GPU cluster storage fault

Updates

Resolved
17 December, 2024 at 02:34
Resolved
17 December, 2024 at 02:34
This incident has been resolved.
Update
16 December, 2024 at 23:27
Update
16 December, 2024 at 23:27
Personal dev-gpu / dev-cpu VMs can now be started via Xen Orchestra.
Some VMs may need some maintenance in order to start:
- VMs that were running during the incident may have unclean filesystems that need a repair. Generally you will see the boot process end with "(initramfs)" on the console. Contact service-desk@cst.cam.ac.uk for help.
- VMs that have not been booted for a long time may need a manual update to /etc/fstab. If your VM appears to start but you have no home directory or your home directory is read-only, either run "sudo cl-update-system" then reboot, or contact service-desk@cst.cam.ac.uk for help.
The shared servers dev-gpu-1 and dev-cpu-1 will be unavailable for a little while longer.
Update
16 December, 2024 at 18:37
Update
16 December, 2024 at 18:37
Access to GPU cluster home directories and scratch space has been restored using the new storage server; these are accessible from Lab-managed Linux systems outside the GPU VM cluster via /anfs/gpucluster/$USER and /anfs/gpuscratch respectively. You can access this data via SSH to slogin.cl.cam.ac.uk.

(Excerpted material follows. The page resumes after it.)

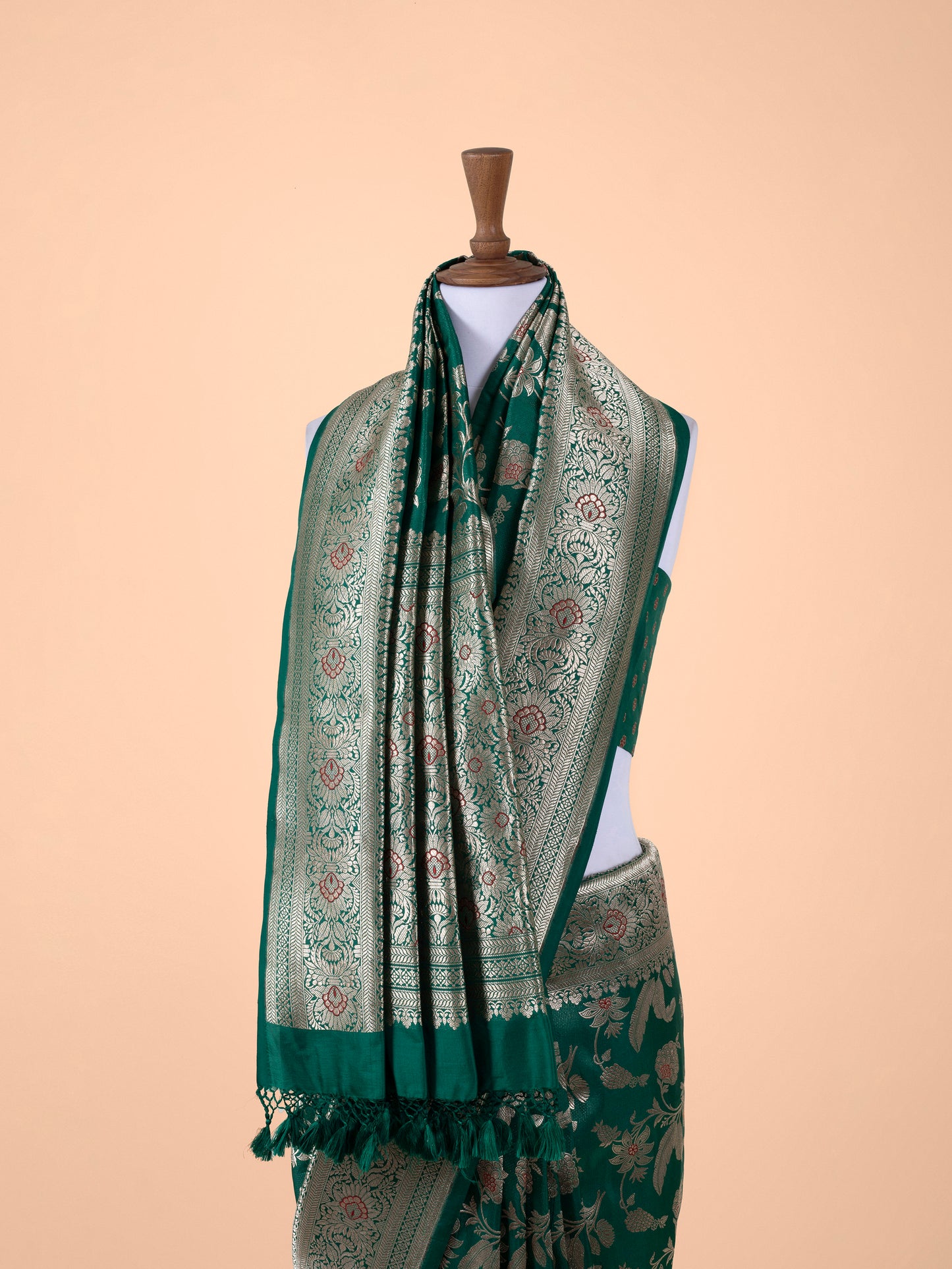 Handwoven Bottle Green Silk Saree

dev-gpu-acs will be available shortly, for ACS students' use only.
GPU/CPU development VMs and the shared servers dev-gpu-1 and dev-cpu-1 remain unavailable; copying their VM disks will take longer. They should be restored to service later this evening.
Update
16 December, 2024 at 18:10
Update
16 December, 2024 at 18:10
Please do not attempt to start or stop any dev-gpu or dev-cpu VM at this time. It won't be successful, and might cause your VM to get into a more broken state.
Identified
16 December, 2024 at 17:24
Identified
16 December, 2024 at 17:24
As the GPU cluster is currently unusable anyway due to a fault with the temporary storage server, and we have a replacement storage server ready to go into service, we will take this opportunity to migrate data to the new server. This may take a few hours.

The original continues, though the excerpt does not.